Today, I plan to teach you Excel skills to break down any complicated rent roll that exhibits:
Confusing unit codes
Buildings partially renovated
Multiple (and random) charges (rent, concessions, parking, discounts)
Charges are displayed in a different order for each unit
This article aims to teach you how to decode and interpret as efficiently as possible.
Tutorial Contents
The rent roll with lease charges looks like this:
It is my favorite format to get rental information due to the sheer quantity of relevant and timely data about the following:
Unit Mix (Floorplans and Square Footage)
Occupancy/Vacancy
Unit Renovation Status
Rental Rates
Gain/Loss to Lease
Timelines (Move-ins, Lease Starts, and Lease Expirations)
Rental Concession Trends
Ancillary Income Charges (Parking, RUBS, Storage, etc.)
Everything you need is here, but there is one big problem: You must reformat it to get any value from it.
I intend to show you how I dissect a rent roll in the "lease charges" format in under 20 minutes (and faster with practice). Once you learn these skills, you can easily recycle them on any property rent roll delivered in this format.
The methods will work whether a property is 20, 200, or even 1,000 units. The steps I will show you will be effective for all unit counts and no more time-consuming for larger complexes.
Disclaimer: I use macros when I break down a rent roll, and I have slightly altered my process so viewers can adjust the rent roll using only formulas and simple Excel functions. This adjustment is not materially more time-consuming but is likely more suitable for most viewers.
We are looking at a 27-unit property that we want to input into Tactica's Value-Add Model on the "Renovation" tab.
Four things are required from the rent roll:
Unit Types/Floorplans/Renovation Status
Unit Count (by Floorplan)
Average Square Footage (by Floorplan)
Average Rent (By Floorplan)
Time Estimate Once Proficient: 10 - 15 minutes
Note: I always focus on the actual in-place leased rents and ignore the market rents, as market rents are generally subjective and make the analysis more confusing as we'd need to account for proforma loss-to-lease.
This property has undergone a partial renovation, so several renovated and original units exist. As we get the critical data listed above, we can also determine if renovated units see any rent premium vs. their unrenovated counterparts.
After getting the data from the rent roll that proforma requires, you can take the analysis further by looking at the time-sensitive data (move-ins, lease starts, lease expirations).
I think of a rent roll as a snapshot of property performance. It may have been different yesterday and could change tomorrow, but today, it gives you the most detailed depiction of the property's financial health.
You can unlock much more value if you are willing to extract and analyze move-in and lease expiration details for each unit.
The link above is a separate article describing the benefits of reviewing time-sensitive data such as:
Move-Ins
Lease Starts
Lease Expirations
A tutorial video demonstrates how to extract and create visuals to interpret move-ins and lease expirations.
Concessions can be a massive financial burden for a real estate investor.
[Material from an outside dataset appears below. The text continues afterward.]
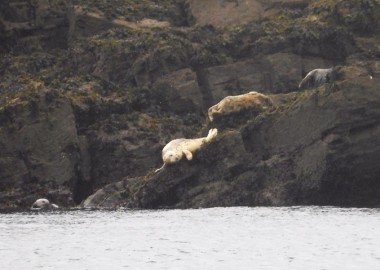 Sensitive seal haul out site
It's crucial to extract all concession data and determine if historical concessions given to residents are:
Upfront (better)
Recurring (worse)
And determine your future exposure if you were to purchase the property.
We published two articles that encompass everything there is to know about rental concessions.
Part I: A Real Estate Investor's Guide to Concessions: Acts more as a high-level primer, details the definitions, and shows basic examples of how you may experience concession data in the rent roll or T12 financials.
Part II: Analyzing & Underwriting Concessions: Dives into how to extract concessions information for the rent roll and input your finding into Tactica's proforma Value-Addd Model. There is a video tutorial that walks you through all the necessary steps.
Ancillary Income
You should also pay attention to what other items ownership charges residents for (parking, utilities, pets, storage, etc.), how much they are charging, and how this compares to the local comp set.
I have a separate article dedicated to ancillary “other” income charges,
Summarizing the Rent Roll with Lease Charges
This series included three articles and videos that take a raw, unorganized rent roll and extract all the valuable data. First, we took out only the essential piece of information to populate Tactica's Multifamily Value-Add Model:
Unit Types
Unit Type Count
Average Square Footage
Average Actual Rents
Then in Part II extracted and created insightful visualization to interpret the time-sensitive information:
Move-Ins
Lease Starts
Lease Expirations
And finally, In Part III, we bifurcated rental concession data between:
Upfront
Recurring
Figured out which unit types were more prone to incentives and assessed future concession exposure.
Lastly, we pulled out ancillary income charges (specifically utility bill backs) to quickly compare to submarket comps.